筆者らが1999年に看護系大学76校中72校を対象として実施した全国調査3) によると,8割強が学部教育において看護管理学教育を実施しているが,講義・演習・実習と体系化されていたのはわずか3校(4.2%)に過ぎなかった。また,その教育内容は多様であり4-6),教育方法を各校が模索している様相がうかがえた。現段階においても看護基礎教育におけるマネジメント能力の育成を目指した看護管理学教育は未確立であり,上泉7) も指摘するように継続教育も含めた体系化を進めていく必要がある。

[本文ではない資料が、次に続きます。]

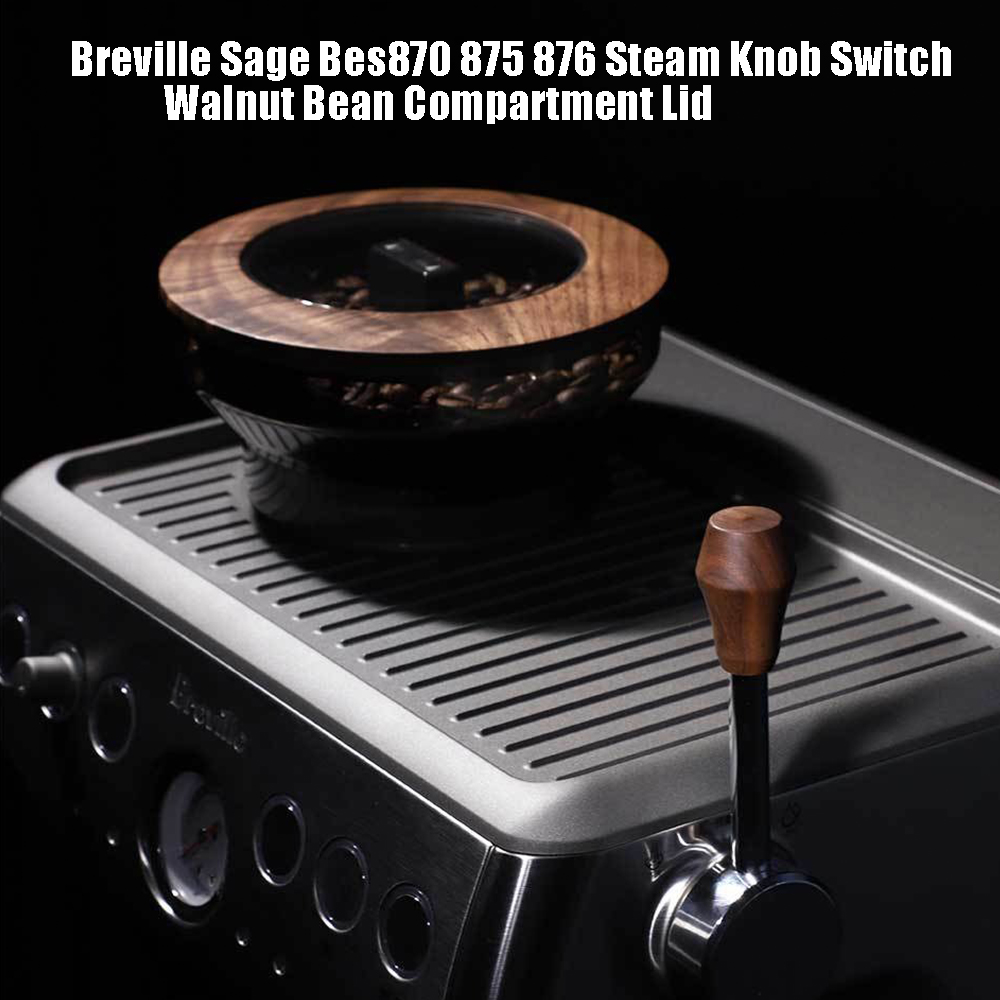 Breville Espresso Bes870 - Breville Sage Bes870 875 8776 Переключатель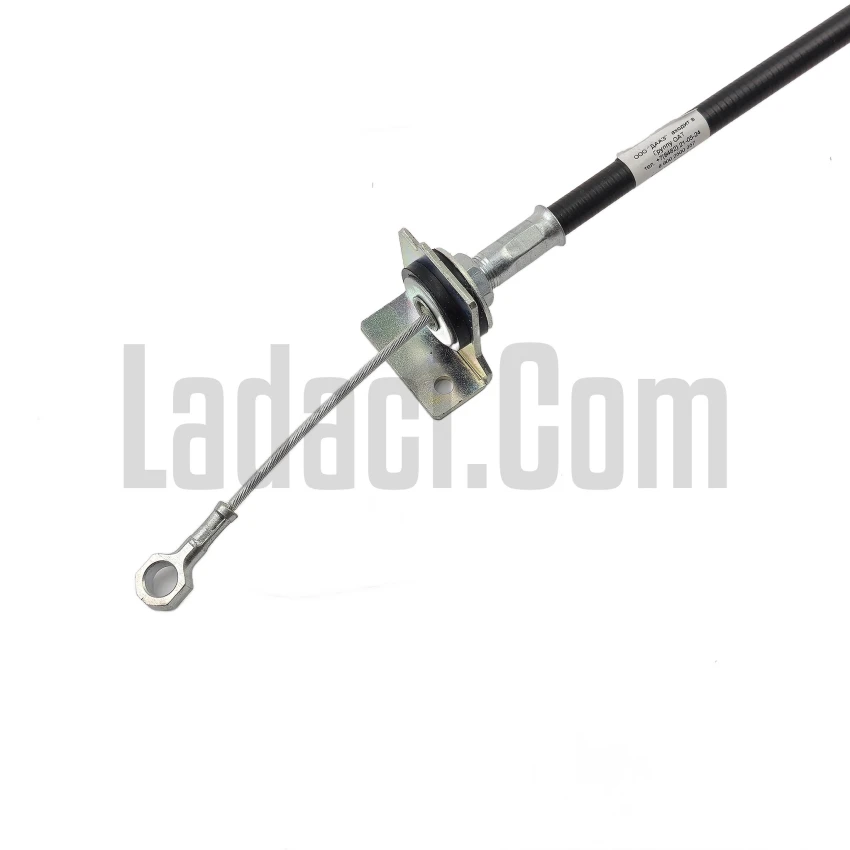 Lada Vega Debriyaj Teli, Rus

本学では,平成12年度から,組織と個人の相互作用の中で看護を実践する素地を養うために,「目標管理」を中心に,講義と実習による看護管理学教育を開始した8)。講義では,実習に必要な知識として「病院組織」「組織行動論(目標管理を含む)」「看護提供システム」などを中心に行なった。実習では,病院施設における看護管理に関する理論と実践の学習をねらいとし,表1に示す内容で行なった。その運営の特徴は,5~6人編成の学生グループ全員で実習目標という共通目標に向け主体的に行動するというグループ学習法を用いたこと,学生と教員,そして病棟看護師長の三者が効果的に関わることによって成立する実習と位置づけ,各関係者の役割を実習要項に明示して意識化を図ったことである。
このような実習は全国的にもまれな試みであり,そのあり方について評価することが必要であるが,今回は当事者である学生の立場からの評価を得,今後の実習運営について示唆を得たので報告する。